A dupla sinopse\opinião sempre aparece de mão dadas em um texto sobre livros. O nome do autor fica em segundo plano aparecendo aqui e ali, entre uma linha e outra. Isso é perfeitamente normal, afinal, queremos saber é da história, se ela nos fará querer desbravar o mar que se agiganta por entre as páginas e capítulos do livro. Mas quando o enredo reúne uma cacatua fujona, um trabalho de literatura surpresa de férias e laços de amizade rompidos em um enredo que faz completo sentido, é preciso começar a navegação pela mente de quem construiu o roteiro da aventura.
Mareska Cruz tem a excentricidade até no nome, a autora consegue escrever sobre o dilema de comprar o livro pela beleza da capa, sobre ser atacada por uma barata ou sobre o primeiro livro com a mesma leveza, fluidez e bom humor que escreve sobre assuntos delicados como ansiedade.
A escritora nasceu de uma fonte de novos autores que muitos insistem em apontar como o ponto final da produção literária de qualidade, a internet. Fundadora de um blog que hoje não existe mais, ela exercitou seu dom dedilhando palavra após palavra, nos quais formaram os textos que chamaram a atenção da agente literária Gui Liaga. Por meio da internet a autora, que hoje voltou ao mundo dos blogs, dilapidou o seu dom de expor tudo o que passa por sua cabeça se conectando com os pensamentos de seus leitores.
Sem dúvida é poder ter contato com tantas pessoas e opiniões que talvez eu nunca teria se não fosse a internet.
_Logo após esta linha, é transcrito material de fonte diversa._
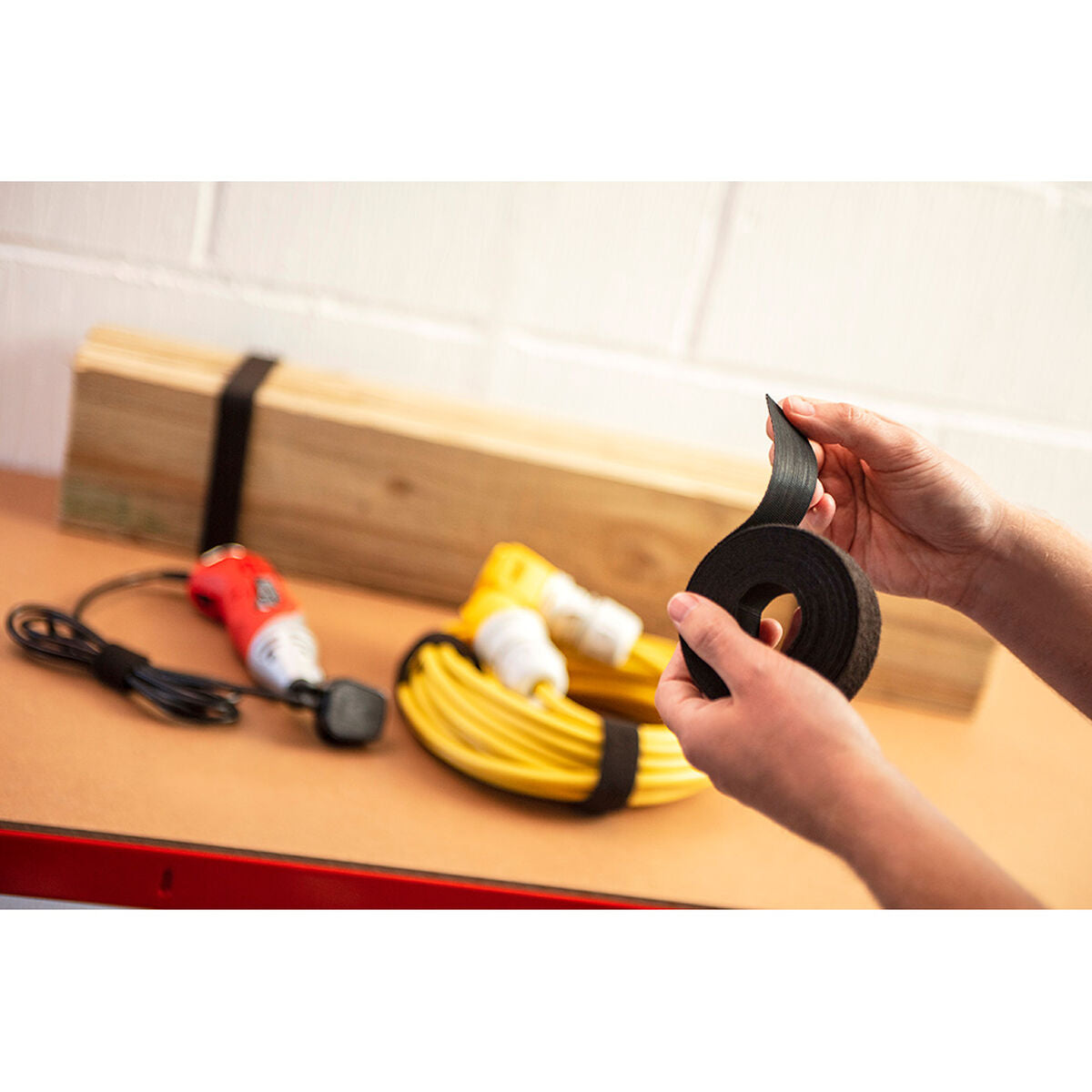 V2H1050C9F1463B27976036AF52E03833F3R6754497P3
Como eu escrevo para um público bem jovem, é importante ficar de olho no que eles gostam, ouvem, assistem e pensam, e também conversar com outros escritores.
Rodeada por histórias desde pequena a autora conta que sempre amou ler, tendo a companhia dos livros na biblioteca da escola ou em casa, por meio de sua mãe, também uma leitora ávida. Mareska já trabalhou em livrarias e na Bienal Internacional do Livro de São Paulo, mas apesar da proximidade com as histórias ela nunca imaginou que poderia ser portadora de uma.
A oportunidade de trabalhar em um livro fez Mareska vislumbrar novos horizontes no mundo da literatura. Em entrevista para o portal Conversa Cult ela compartilhou como lembrança a primeira vez em que mandou um texto pronto para a sua agente, Gui Liaga, da agência Página 7. Esse momento desanuviou a certeza de que ela nunca conseguiria escrever o começo, meio e fim de uma história.
Em janeiro de 2019 a antiga livreira lançou sua primeira novela Amizades, cacatuas e outras coisas fora de controle, na Amazon, ocupando por várias semanas o 1° lugar entre os mais vendidos da plataforma em três categorias.
A narrativa tem como protagonistas as adolescentes Antônia e Helena. As jovens têm seus planos para as férias frustrados por um trabalho surpresa de literatura. Antônia fica indignada com a notícia, já que não é nem um pouco fã dos livros e se esforçou durante todo o ano para manter notas aceitáveis na matéria. Como se não bastasse perder seu tão merecido descanso das aulas, ela descobre que o trabalho precisa ser feito em conjunto e que sua dupla é a ex melhor amiga com a qual não conversa há meses, Helena.
Enquanto lidam com os próprios traumas e com o fim da amizade, as duas meninas se veem no meio de uma confusão envolvendo seus amigos intrometidos, uma vidente charlatã e a perseguição a uma cacatua maluca em fuga.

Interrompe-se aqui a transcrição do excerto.